Speaking at the 2010 Marcellus Summit at Penn State last week, Rick Smead, director of Navigant Consulting, said a combination of more infrastructure and a tweaking of the current pipeline system will be necessary to serve the shale plays that are being developed nationally, which is why the market currently is so oversupplied with natural gas despite the drop-off in Gulf of Mexico drilling.

“It’s massively oversupplied with supplies from nontraditional areas and an awful lot of what we’re coping with is how to deal with that,” he told the audience. “The economic downturn really did cause a big drop-off in drilling, so a lot of people expected supply to have dropped off by now. What happened was the total rig count went down a lot, but the horizontal rig count going for gas is now higher than it was in 2008. Basically, horizontal drilling for shale is going strong in every major play.

“The amount of daily natural gas deliverability nationally that was added between early 2005 and mid-2008 exceeds the total thermal content from all the oil we import from Saudi Arabia.”

Looking at the Marcellus in particular, Smead said the area is benefited by the fact that so many pipelines are close by. “Big shale players do a lot of wells and have a pipeline through it, [and] it’s not like Alaskan gas that takes a $60 billion pipeline just to get it to the middle of Canada someplace.”

These shale plays are “right under the existing interstate pipeline network.” While noting that a lot of new projects need to be built to expand existing pipeline and gathering systems, Smead said there are other challenges as well. Back in 2006, “you had these huge pipelines from the Gulf Coast headed up to the Northeast,” he said. “What’s happened is: Houston we have a problem. When you get a beast like Marcellus at the market end of the whole pipeline network, every major pipeline is experiencing major changes in its flow and contracting pattern… All the major pipelines need to reinvent themselves.”

He added that Rockies gas further complicates the situation. “We’ve got Rockies supplies going both east and west. So Rocky Mountain gas is competing directly with Marcellus [gas] in Ohio, and pretty much backing out anything that was coming from the Gulf Coast. What that is doing is sending all of the southern gas toward Florida. The end result is that a very static network of big interstate pipelines is just in the wrong place in a lot of situations. This is going to involve facility changes” and reinvention.

This time of transition in the natural gas transmission sector comes during uncertain times, when the public and some government officials are questioning the safety of the nation’s current pipeline grid.

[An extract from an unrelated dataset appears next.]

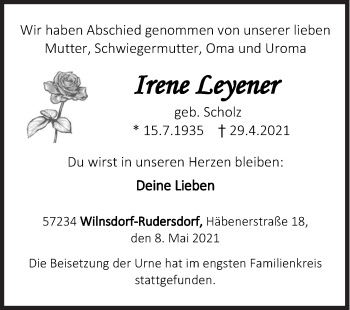 Traueranzeige von Irene Leyener von Siegener Zeitung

Commenting on the Michigan oil pipeline leak of hundreds of thousand of gallons of crude into a tributary of the Kalamazoo River in July and the early September explosion of a natural gas pipeline in San Bruno, CA, that killed eight people (see NGI, Oct. 4; Sept. 13), Linda Daugherty, deputy associate administrator for policy and programs at the U.S. Department of Transportation (DOT), said the recent incidents “never should have happened.” As safety regulators, “we need to make sure this never happens again.”

The pipeline mishaps put the spotlight on pipeline safety and regulations in Washington, DC. Addressing the San Bruno explosion, she told the Penn State audience that “this is the one that scared all of us because it was in our home where we feel safe,” referring to the fact that the explosion occurred in a subdivision.

“I could tell you that the pipeline that failed is an older pipeline, that it was built prior to our regulation. We still don’t know what exactly happened here… Handling natural gas is something we have to do with care and we have a responsibility to the public to make sure we are using the best technology and that we are doing things right… Pipelines can operate safely around people. They can do that. There are 2.5 million miles of pipeline that do that everyday.”

Daugherty noted that the department currently faces a regulatory reauthorization, noting that people concerned in Congress — in an election year — have put “a lot of proposals on the table,” including changes to pipeline safety laws. “That means our regulations may change. It means our regulations may get tighter. We’re going to have tougher penalties for those companies that violated regulations. We have to address concerns.”